De allí, también, su firme crítica a quienes, en la comunidad cristiana, se anotan en el “carrerismo”, en las ansias de puestos de privilegio, en el poder, en las intrigas, en la arrogancia y la hipocresía, en el “sentirse más”, en el vivir atrincherados entre libros, escritorios y sacristías, en la burguesía del espíritu convirtiéndose en cristianos de salón y creyentes de museo. Este nuevo camino lo define con una clara alusión evangélica: “tener olor a oveja”. Vivir con la gente y cerca de la gente para comprender la vida de cada cual y acercar el bálsamo de Jesús.
Continúa Francisco: “Hemos de construir puentes, no muros para defender la fe”; “necesitamos una Iglesia de puertas abiertas, no de controladores (aduanas) de la fe”; “la Iglesia no crece con el proselitismo sino por la atracción, el testimonio y la predicación”. Es Jesús que nos vuelve a decir: “Vayan y anuncien que el Reino de Dios está cerca, “curen a los enfermos”, “lo que han recibido gratuitamente, dénlo gratuitamente”.

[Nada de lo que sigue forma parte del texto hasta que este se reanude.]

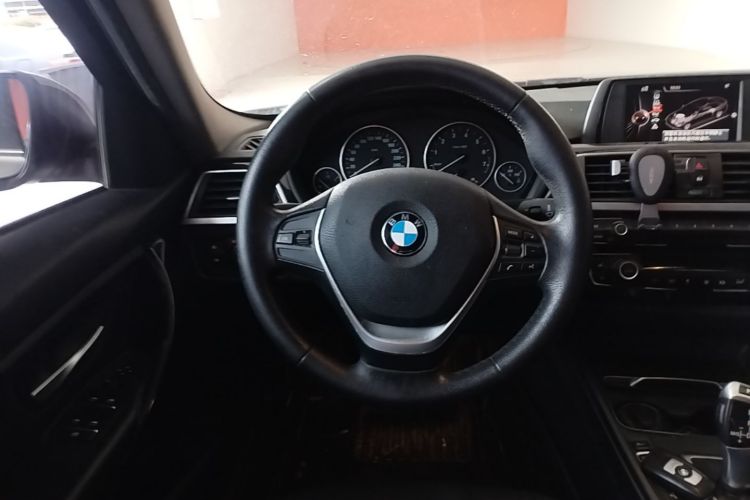 BMW 3 Series 2017 #11 BMW 3 Series 2017 car image #11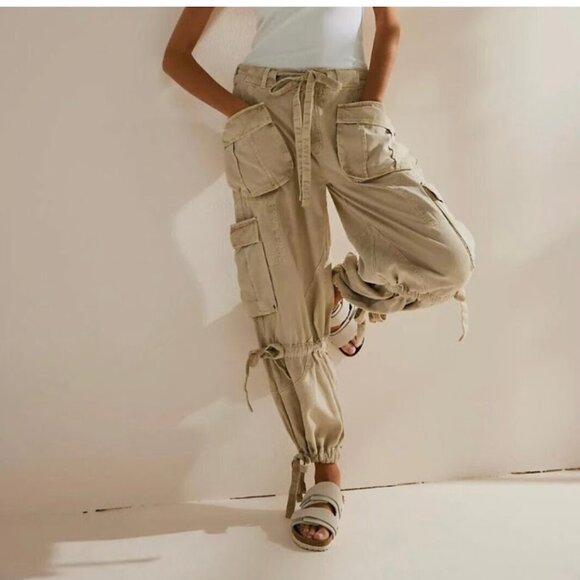 Free People Pants - FREE PEOPLE WOMEN'S big parachuse pants cargo sand dollar Size Small  NEW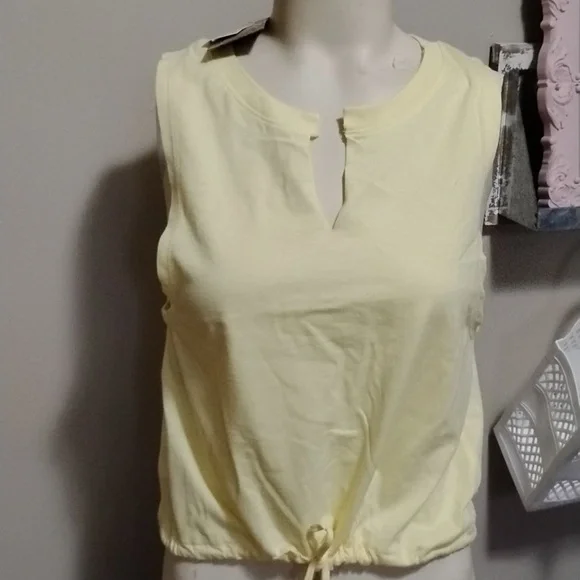 Daybreak top NWT - Picture 1 of 9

El Concilio Vaticano II afirmó que la Iglesia no es un fin en sí misma, sino que es “germen, signo e instrumento del Reino de Dios”, pero aquellas palabras se perdieron, ¿intencionadamente? Vuelvo a sentir la alegría que experimenté en aquel entonces cuando, hoy, Francisco llama a la Iglesia Católica a “salir de la autorreferencialidad para caminar hacia las periferias existenciales”.
Finalizo mi reflexión con estas palabras de Santiago Agrelo, obispo de Tánger-Marruecos:
“En nombre de purezas, saberes y leyes, desterrando de la vida al necesitado, intentamos desterrar de la nuestra la misericordia y la compasión que Aquel crucificado derrochaba con prostitutas y adúlteras, enfermos y endemoniados, publicanos y pecadores, excluidos y humillados, reconocidos por él como señores del sábado y huéspedes del corazón de Dios.
“En nuestro pequeño y mísero mundo de elegidos, de guardianes que no buscadores de la verdad y de la fidelidad, los puros nos reservamos el derecho al sarcasmo y a la ira, al honor y a la recompensa, a juzgar y a condenar, a despreciar, injuriar y matar.
“Pero en el día del Señor no me avalará la pureza, no me protegerá el saber, no me justificará la ley: sólo podrá salvarme aquel pobre crucificado al que ya no puedo dejar de amar y cuidar”.
¡Es Pascua! ¡Hay esperanza! ¡Volvamos a Jesús!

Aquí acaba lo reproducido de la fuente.